The group’s first outing in the media was in the Observer on Sunday, November 29, ’21.
”British beekeepers are calling for a requirement on supermarkets and other retailers to label cheap honey imports from China and other nations with the country of origin after claims that part of the global supply is bulked out with sugar syrup.
The UK is the world’s biggest importer of Chinese honey, which can be one sixth of the price of the honey produced by bees in Britain. Supermarket own-label honey from China can be bought for as little as 69p a jar. Supermarkets say every jar of honey is “100% pure” and can be traced back to the beekeeper, but there is no requirement to identify the countries of origin of honey blended from more than one country. The European Union is now considering new rules to improve consumer information for honey and ensure the country of origin is clearly identified on the jar.”
To read the article in full, click here.
Meanwhile, the group has set up a Facebook group to raise awareness of honey adulteration. Anyone interested in the subject is warmly invited to join.
Somerset BKA and Bee Diseases Insurance Ltd (BDI) are jointly funding PhD student Hollie Pufal at Newcastle University.

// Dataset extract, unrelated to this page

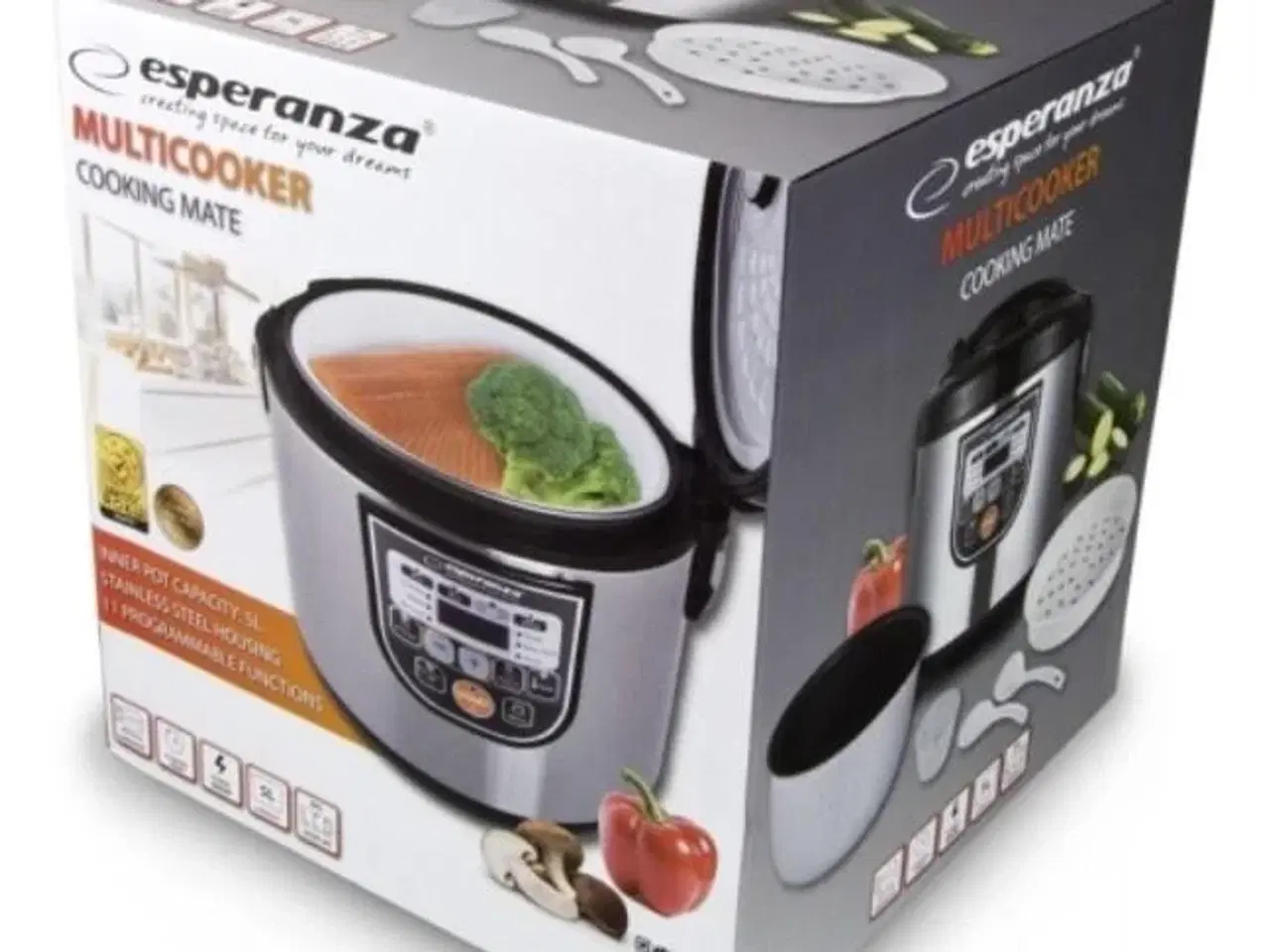 Billede 9 - Multicooker 5 l – Esperanza EKG011, 860 W, sort/rustfrit stål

Hollie is exploring the virulent ST2 strain of EFB which is uniquely associated with Somerset and north Dorset.
Hollie and her supervisor Prof Giles Budge will be involved in our Lecture Day on 12 February, 2022.
After completing her first year, she has provided a brief report on her work to date:
"Thank you for your generous funding that has allowed me to pursue research in this exciting area. Over the past 6 months I have been establishing methods to develop a molecular workflow that could be used to generate whole genome sequencing data from infected larvae at outbreak sites, I also tested supers from infected apiaries for the presence of EFB.
I tested 4 locations on each frame for the presence of EFB, as well as capped honey and pollen, using DNA extractions and Realtime PCR. The results showed only a small trace of EFB in a couple of samples both from the frame, pollen and honey.
I plan to sequence using handheld sequencing technology, which is a cheaper and more efficient sequencing platform, so has the potential to be used more readily in the future for assessing EFB outbreaks. The issue with sequencing infected larvae material is that most of the sequence generated will be honeybee DNA, so I originally tested various methods that deplete the bee DNA and enrich the bacterial DNA. Initially I used homogenised larvae mixed with M.plutonius culture and then I moved on to infected larvae from the field. I used qPCR assays to detect both EFB and insect DNA to assess the efficiency of the depletion methods, and I now have a selection of promising methods that I will take forward to sequencing and assess the quality."